Jason Osborne almost lost $20,000 in his junk mail.
On a whim two weeks ago, the second-year master of fine arts student checked his junk mail before going to bed.
In doing so, he discovered he had been awarded one of two annual fellowships from the Dedalus Foundation, a national group promoting the practice and research of modern art.
The fellowship is awarded to two master of fine arts students a year and comes with a $20,000 stipend.
“I never check my junk mail, and when I saw it, I thought it was going to be a rejection letter, because you get way more rejections,” he said.
“I had to read it like eight times.”
The fellowship is one of the most prestigious in the art world, said professor Elin O’Hara Slavick, who is Osborne’s adviser.
“It’s a stepping stone to the New York art world and other things,” she said.
“Once you get something like this, people see this on your resume, and they know about you.”
Osborne, a painter, was nominated by UNC and sent in an online application with recommendations, an artist’s statement and pictures of his work. He was then chosen by a panel from the Dedalus Foundation.
Slavick says his work stands out because of its sense of humor about the art world. For example, a painting called “My Studio Assistant Made This” pokes fun at paintings that look rawly made.
“His work is beautiful and prophetic, but stupid and dumb and funny, and I mean that in a great way,” she said.
“He’s using art to make a comment on the art world.”
Ashley Florence, also a second-year master of fine arts student, said Osborne is both dedicated and funny — and it’s the combination that makes his work stand out.
“He’s in his studio all the time and he has a really distinct and vibrant relationship with his paintings and studio,” she said.
“His sense of humor is encoded in his paintings.”
Jonathan Sherrill, another second-year master’s student, said he was happy to see Osborne succeed.
“It’s encouraging as his colleague to see him be awarded for what he’s doing,” he said.

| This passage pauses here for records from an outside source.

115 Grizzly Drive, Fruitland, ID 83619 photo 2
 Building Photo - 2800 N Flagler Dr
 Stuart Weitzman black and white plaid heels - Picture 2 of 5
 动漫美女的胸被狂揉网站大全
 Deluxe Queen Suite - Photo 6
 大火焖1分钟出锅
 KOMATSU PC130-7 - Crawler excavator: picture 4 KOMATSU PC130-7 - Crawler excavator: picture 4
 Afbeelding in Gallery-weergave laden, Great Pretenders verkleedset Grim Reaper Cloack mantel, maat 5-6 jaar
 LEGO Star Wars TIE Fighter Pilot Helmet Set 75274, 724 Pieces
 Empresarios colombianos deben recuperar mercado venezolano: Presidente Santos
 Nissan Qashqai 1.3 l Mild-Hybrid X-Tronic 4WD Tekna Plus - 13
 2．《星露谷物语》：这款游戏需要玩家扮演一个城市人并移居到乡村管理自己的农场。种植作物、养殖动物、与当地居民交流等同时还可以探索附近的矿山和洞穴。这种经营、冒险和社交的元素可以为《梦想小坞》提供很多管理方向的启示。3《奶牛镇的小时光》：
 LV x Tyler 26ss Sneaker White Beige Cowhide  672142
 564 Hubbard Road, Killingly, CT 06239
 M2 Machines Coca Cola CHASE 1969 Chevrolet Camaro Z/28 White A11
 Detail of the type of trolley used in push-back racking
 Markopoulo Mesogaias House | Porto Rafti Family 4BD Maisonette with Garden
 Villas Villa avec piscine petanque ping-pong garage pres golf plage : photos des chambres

Osborne said he plans to use the money to find studio space either in his hometown of Durham or in New York City, where he has had his work displayed in the past.
“It takes a lot of the pressure off about employment after finishing my degree,” he said.
In addition to helping his own career, Osborne’s achievement will help bring national attention to UNC’s studio art program, Slavick said.
“It’s going to make people — especially painters — who didn’t even consider UNC-Chapel Hill look at our program,” she said.
“You look at the list of winners, and it’s New York, New York, and now, Chapel Hill.”